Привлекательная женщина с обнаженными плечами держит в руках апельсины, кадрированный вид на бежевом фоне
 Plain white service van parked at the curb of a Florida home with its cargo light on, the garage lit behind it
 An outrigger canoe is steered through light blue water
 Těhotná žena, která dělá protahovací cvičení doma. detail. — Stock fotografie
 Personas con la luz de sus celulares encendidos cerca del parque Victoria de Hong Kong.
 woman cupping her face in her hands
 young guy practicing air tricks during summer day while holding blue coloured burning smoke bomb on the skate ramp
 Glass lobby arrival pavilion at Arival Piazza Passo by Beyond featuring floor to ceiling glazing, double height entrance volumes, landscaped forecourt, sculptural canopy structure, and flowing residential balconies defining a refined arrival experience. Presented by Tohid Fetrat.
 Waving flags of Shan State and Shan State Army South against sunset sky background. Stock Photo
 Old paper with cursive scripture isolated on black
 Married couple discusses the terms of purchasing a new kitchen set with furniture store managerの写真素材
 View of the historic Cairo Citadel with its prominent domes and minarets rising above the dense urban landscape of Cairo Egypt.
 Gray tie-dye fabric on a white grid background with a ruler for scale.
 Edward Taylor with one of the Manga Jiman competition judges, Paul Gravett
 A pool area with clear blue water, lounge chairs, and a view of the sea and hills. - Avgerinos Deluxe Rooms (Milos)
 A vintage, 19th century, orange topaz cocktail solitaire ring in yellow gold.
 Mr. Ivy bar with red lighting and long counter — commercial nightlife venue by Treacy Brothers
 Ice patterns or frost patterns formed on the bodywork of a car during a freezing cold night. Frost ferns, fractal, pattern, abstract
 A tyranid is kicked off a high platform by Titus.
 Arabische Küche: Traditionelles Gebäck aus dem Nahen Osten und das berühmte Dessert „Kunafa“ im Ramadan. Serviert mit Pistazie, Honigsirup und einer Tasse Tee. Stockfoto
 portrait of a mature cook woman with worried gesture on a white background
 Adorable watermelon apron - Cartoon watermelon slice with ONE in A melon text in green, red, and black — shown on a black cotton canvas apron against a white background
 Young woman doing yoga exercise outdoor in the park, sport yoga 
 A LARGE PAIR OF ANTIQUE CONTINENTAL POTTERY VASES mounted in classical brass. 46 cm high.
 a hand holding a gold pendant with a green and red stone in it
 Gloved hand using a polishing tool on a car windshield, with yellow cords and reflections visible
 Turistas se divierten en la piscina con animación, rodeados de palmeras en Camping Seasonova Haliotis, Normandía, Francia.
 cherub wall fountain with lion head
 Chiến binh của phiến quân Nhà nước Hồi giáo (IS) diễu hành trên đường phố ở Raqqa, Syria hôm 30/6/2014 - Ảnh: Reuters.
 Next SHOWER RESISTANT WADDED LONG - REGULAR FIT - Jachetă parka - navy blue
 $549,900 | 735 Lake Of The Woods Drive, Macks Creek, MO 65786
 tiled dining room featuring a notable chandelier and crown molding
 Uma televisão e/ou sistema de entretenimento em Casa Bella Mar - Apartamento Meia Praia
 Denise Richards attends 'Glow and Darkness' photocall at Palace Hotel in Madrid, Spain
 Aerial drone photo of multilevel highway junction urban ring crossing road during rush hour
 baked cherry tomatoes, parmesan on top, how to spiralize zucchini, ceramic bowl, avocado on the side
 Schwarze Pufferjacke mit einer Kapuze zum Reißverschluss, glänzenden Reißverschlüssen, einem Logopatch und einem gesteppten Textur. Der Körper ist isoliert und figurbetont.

------

Looking over the records, find each line with the word "einer" and copy it.

 Arabische Küche: Traditionelles Gebäck aus dem Nahen Osten und das berühmte Dessert „Kunafa“ im Ramadan. Serviert mit Pistazie, Honigsirup und einer Tasse Tee. Stockfoto
 Schwarze Pufferjacke mit einer Kapuze zum Reißverschluss, glänzenden Reißverschlüssen, einem Logopatch und einem gesteppten Textur. Der Körper ist isoliert und figurbetont.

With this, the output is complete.